ERKEN SEÇİM AÇIKLAMASI
Tamamen kültürel temelde dile getirilen “Ne Mutlu Türküm Diyene” sözü, ortak bir heyecanda, ortak bir hedefte kucaklaşmayı temsil etmiştir. Bu itibarla, hiç kimsenin kökenini veya mezhebini öne çıkaran, kaşıyan, kanatan, küçümseyen, reddeden, aşağılayan, engelleyen, yasaklayan bir zihniyete yakın durmamız, böyle bir yanlışı tasvip etmemiz düşünülemeyecektir.
Yine bu kapsamda, Türkiye Cumhuriyeti’nin kuruluşunda da millet kavramı birleştirici ve bütünleştirici bir rol oynamıştır. Etnik köken, dil, din ve inanç farkı gözetilmemiştir.
Türkiye Cumhuriyeti vatandaşlarının her biri bilakaydüşart Türk milletinin eşit, şerefli ve saygın fertleridir. Türkiye Cumhuriyeti devletini Türk milletinin birlikte yaşama ülküsü ve aynı kaderi paylaşma iradesi kurmuştur.
“GÜVENCE ÇELİKLEŞMİŞ MİLLİ BİRLİK VE KARDEŞLİĞİMİZDİR”

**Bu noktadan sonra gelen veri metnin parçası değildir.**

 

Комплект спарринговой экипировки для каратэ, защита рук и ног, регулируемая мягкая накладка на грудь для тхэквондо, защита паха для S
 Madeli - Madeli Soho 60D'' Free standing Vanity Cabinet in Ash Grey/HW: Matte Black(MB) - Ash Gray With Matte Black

Partimiz, ülkemizde yaşayan kardeşlerimizi “Türk milleti” varlığı içinde kucaklamıştır. Şu kadarını söylemeliyim ki, milletin var olma azim ve iradesi olan milli şuur diri ve dirençli olduktan sonra hiçbir bölücü, hiçbir iç ve dış düşman üzerimizde operasyon yapamayacak, habis ve hain emellerine ulaşamayacaktır. Güvence çelikleşmiş milli birlik ve kardeşliğimizdir.

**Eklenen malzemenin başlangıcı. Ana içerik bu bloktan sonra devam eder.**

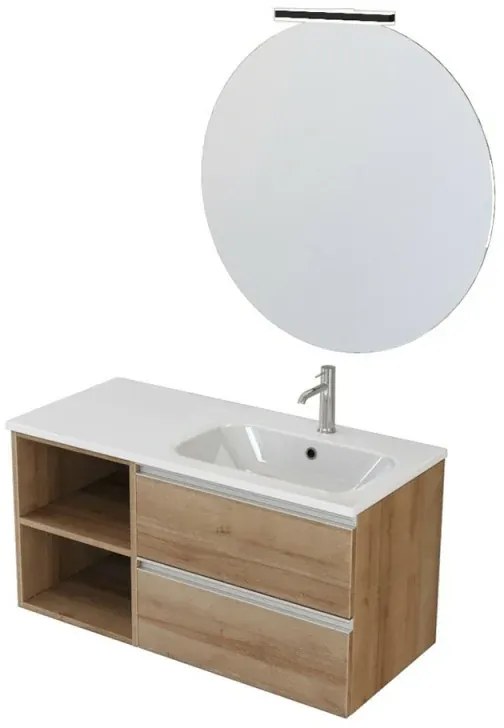 Mobile bagno sospeso 100 cm Master rovere con lavandino e specchio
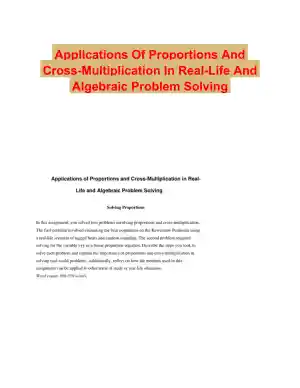Applications Of Proportions And Cross-Multiplication In Real-Life And Algebraic Problem Solving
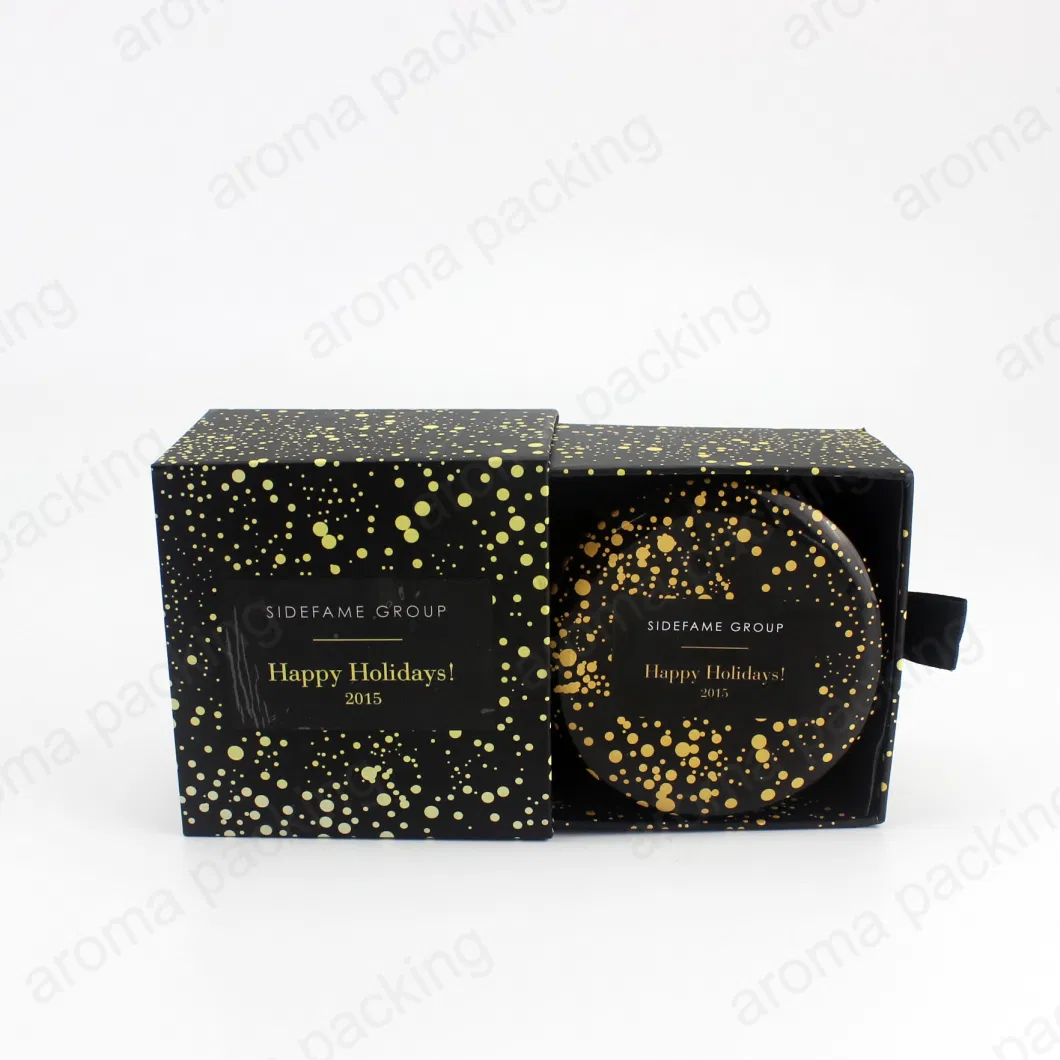 Wholesale Design Printed Logo Tin Candle Holder with Paper Box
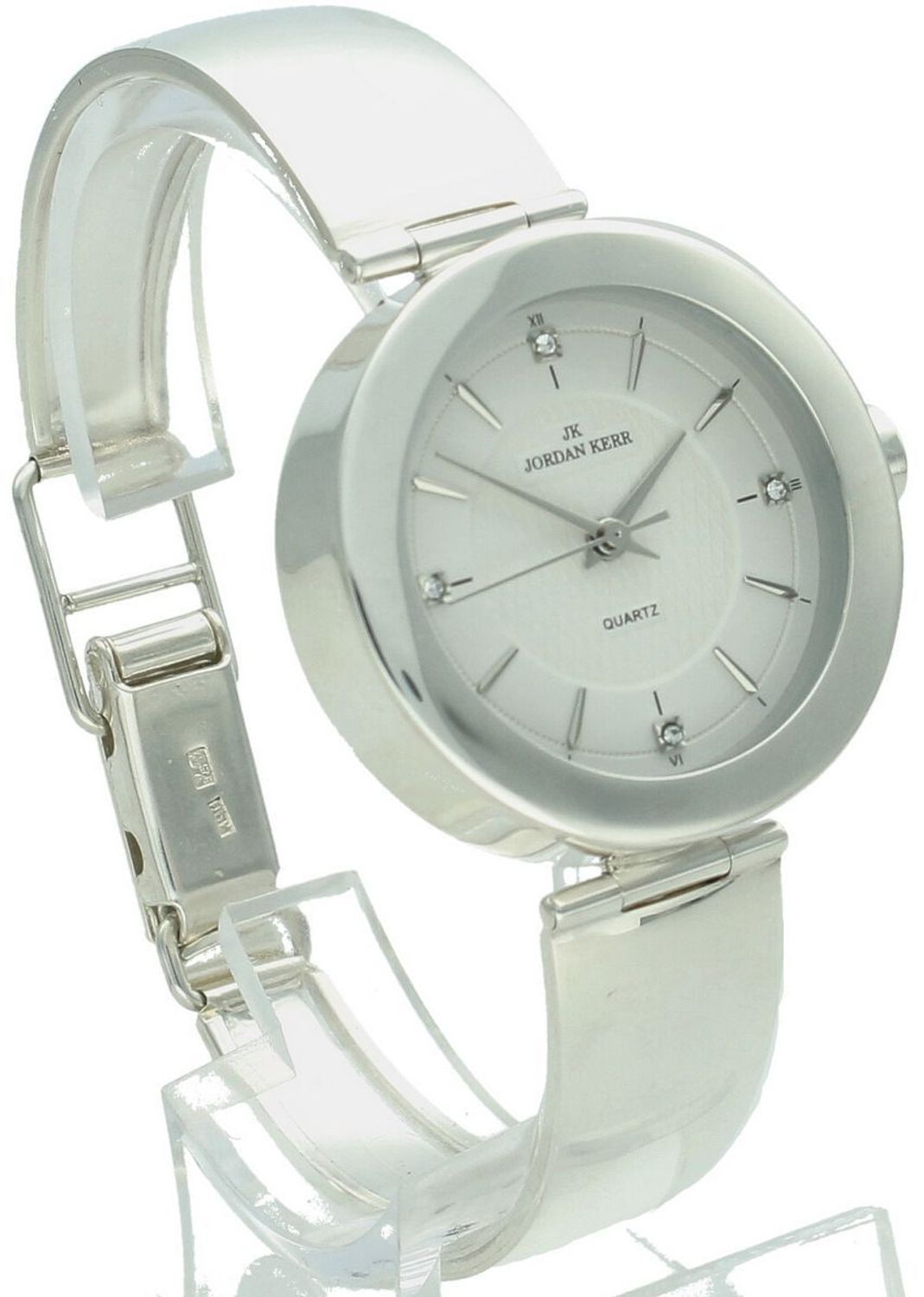 Elegancki damski zegarek srebrny próby 925 Jordan Kerr z białą tarczą, cyrkoniami i sztywną bransoletką. Stylowy dodatek na co dzień i na specjalne okazje.11.jpg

Mondros Ateşkes Antlaşması’nın imzalanmasından İlk Meclis’in açılışına, oradan da kana boyanmış İzmir rıhtımına kadar milli onurumuza en ağır saldırı ve suikastlar yapılmıştı.
Ne var ki, Türk milleti felaketlerin şiddetli ateşini birer birer göğsünde söndürerek istiklalini kurtarmasını bildi ve bunu milli birlik ruhuyla başardı. Mütareke yılları İstanbul’unda her gün Ayasofya’ya haç asanlara, Anadolu’nun bağrında askerlerini, dağlarında çetelerini, sokaklarında ise işbirlikçi memurlarıyla işgal komiserlerini gezdirenlere bu aziz millet teslim olmadı, göz yummadı, tamam demedi, eziyete ve zillete boyun eğmedi.
İnanıyorum ki, bugün de eğmeyecek, bugün de tedavüldeki rezil oyunları alttan almayacaktır.
Gazali der ki, aklı bir kenara bırakıp sırf eskileri taklitle yetinmeye çağıranlar cahil, sadece akılla iktifa edip Kuran ve Sünnetin ışığından yararlanmayan da aldanandır. Hamd olsun, biz bu iki cevheri irfanla birleştiren Müslüman Türk milletiyiz. Ne Türklüğümüzü ne de Müslümanlığımızı tartışmaya açtırırız.
Milli siyasetimizin yol haritası tarihle çizilmiş, milli kültürle belirlenmiş, akılla bezenmiş, ahlakla derinleşmiş, inançla dengelenmiştir.
Meseleye genişletilmiş yeni damarlardan girersek şu gerçeği net olarak görmemiz mümkündür:
Siyasal hedefler milletin manevi değerleriyle birleşmedikten, bu sayede billurlaşmadıktan sonra söylenen hiçbir söz millet vicdanında karşılık bulmayacaktır. Millete rağmen siyaset anti demokratiktir.
Milletin hassasiyet ve iradesiyle çatışan siyaset gayri meşrudur. Milli iradeyi silahın vesayetine alan her girişim, her niyet, her müdahale ise darbedir. Özellikle ifade etmeliyim ki, millet iradesine cephe alan dayatmacı ve icazetli siyasetçilerin karşımıza geçip demokrat pozları vermesi su katılmamış ikiyüzlülüktür.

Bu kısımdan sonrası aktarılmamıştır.